The example of the 3 companies did not come through in your message.
If I understand the data, each company ranks the 7 skills that it
considers most important, assigning a score of 1 to the most important
and so on to the score of 7 for the 7th most important (and a score of
0 for the 20 skills that it considers less important).  Or does the
order run from 7 to 1 (see below)?

Thus, each company's response is a ranking (but of only 7 of the 27
skills).  Your problem is not one of multiple responses (as when the
instruction says, "Choose all that apply.").

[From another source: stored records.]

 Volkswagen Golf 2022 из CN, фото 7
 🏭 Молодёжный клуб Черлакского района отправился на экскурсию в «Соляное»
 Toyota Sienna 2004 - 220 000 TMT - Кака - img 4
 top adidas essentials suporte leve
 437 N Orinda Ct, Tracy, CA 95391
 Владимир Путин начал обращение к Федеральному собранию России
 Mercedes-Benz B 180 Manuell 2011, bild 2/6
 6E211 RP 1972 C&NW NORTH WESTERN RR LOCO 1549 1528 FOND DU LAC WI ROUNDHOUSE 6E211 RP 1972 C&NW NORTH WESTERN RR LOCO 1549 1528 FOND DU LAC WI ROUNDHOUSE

I have not worked with such data on rankings, and I can't provide
references to the statistical literature.  (I'm curious, though, and
will look when I get a chance.)  One complication is that, within a
company, the 7 scores are correlated.  Another issue is that a
company's scores provide an ordering, but not a measure of importance
on some absolute scale (such a measure would make the analysis
easier).

A preliminary analysis could ignore the correlation and average the
companies' scores for each skill (including the 0s, but since 0 is
less than 1, the most important skill should have a score of 7).
Those means should be all right, but their standard errors will be
wrong (maybe too large) because of the correlation.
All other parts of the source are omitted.